No reply. I leaned back and crossed my arms. The man called the waiter over and said something to the waiter's ear, I saw a small packet switch hands, and the waiter nodded and retreated to the back kitchens. I swirled my drink around and imagined a small whirlpool sucking up all the yellow liquid into an extra-terrestrial dimension in the bottom of the glass. My left knee was beginning to twitch.
After a few minutes passed, faint aroma drifted from the back doors and dispelled into the room. It was strong, a universal silent warning that all Outer Party members and below were to leave the premises. The telescreen turned off on its own. Men and women, all overweight and wearing navy overalls or rags stood up and began strolling to the exit doors. I pushed back my chair to follow, but a rough hand grabbed onto my wrists and pulled me down. "Comrade? The rules?" I dryly asked.
"Sit down," the man said. "You like the scent, just enjoy it." I warily pulled my chair in, we resumed our original positions. The smell grew stronger; I took a deep breath and sighed happily. The front doors closed and the cold air lingered in the general area. My chair was uneven; the walls by the windows were a dark mahogany. The telescreen turned back on and sang.
The sunrise is purple and red as our happy blood
We spill for Big Brother our motivations pouring
Women are inside to brood
Men are for gold and glory.
"So." I cleared my throat. "Last week, I slipped into this antique store; the owner told me his name was Mr. Charrington, he seemed nice." He was probably one of you, comrade, you can kind of tell with these things. It's all in the eyes, that is, if you can see them. Old men like Mr. Charrington could pretend that they have cataracts and they squint their eyes shut but Mr. Charrington only did that a second after he saw me. Do you know each other? "He asked for my opinions of the Proles."
The man made a lazy gesture. Go on.
"And I said that they are all sheep." I finished my drink and pushed the glass off the table where it shattered on the floor, bits and pieces landed on my shoe. "Each Party is a herd of sheep and a single wolf, no sheep is different." Mr. Charrington had taken offense at that.
"I wonder how he reacted." So they do know each other.
"You don't want to know." The back doors opened, the waiter entered bearing a single mug with rising steam. The aroma was sharp- was that…? "I told him that he's a grain of sand, not a snowflake, no matter how much he wants to be one." I flicked my wrist, "Did you hear me, comrade? You aren't a beautiful and unique snowflake. You are made up of organic trash, just like everyone else in the world except for the wolves, which was the ethereal, metaphysical being. You know him, the wolf is Big Brother. He's not even truly human."
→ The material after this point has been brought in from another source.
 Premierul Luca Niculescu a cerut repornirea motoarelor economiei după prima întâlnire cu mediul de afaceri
The mug was set down before me; I look in and saw dark brown liquid with a bit of foam at the center. I ignored it and continued to talk, "The only thing that defines you is your actions. If you don't do anything, you are nothing. I'm ok with that, I like being nothing." I pull the mug closer; it warmed my fingers, "What is this?"
"Coffee."
"Drugged?" I turned the cup around and peered inside.
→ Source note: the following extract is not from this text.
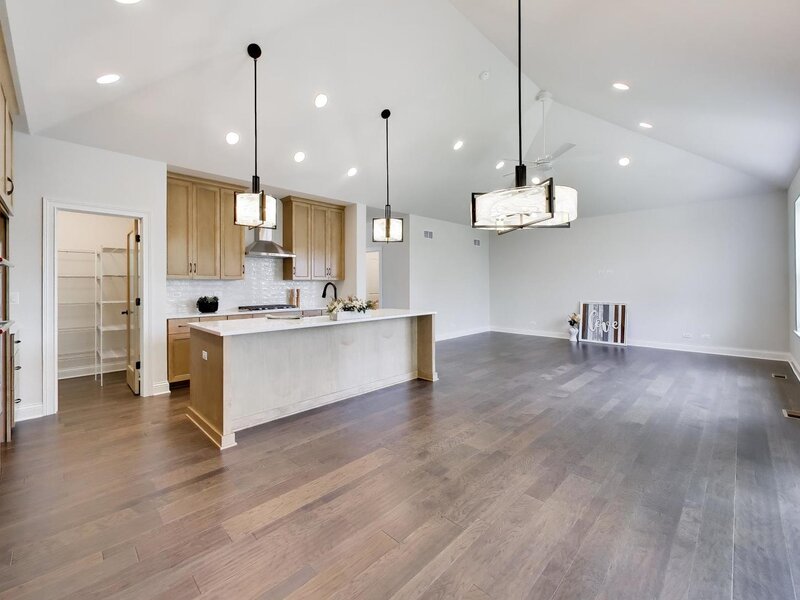 495 Cora Lane St. Charles IL 60174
"Obviously," the man replied, "we placed our fast acting special concoction that we made specifically for you, unique snowflake."
"It's more potent than Victory Gin?" I sipped a mouthful, it was repulsive, "I never had coffee before. My mom did before rations ran out. This will make me forget everything."
"Suppress, not forget," he corrected, "You must drink the whole thing. If this doesn't work, then…" He trailed off. I understood.
"I'll never see you again, comrade. I'll never go through your inane questions and meetings." My visions were already fuzzy and beginning to tilt. I tipped the cup up in salute, "To sheep and Big Brother." I started drinking till I was halfway through, then I paused, laughed, and grinned widely, "To Goldstein!"
I chugged the rest down and my world spun.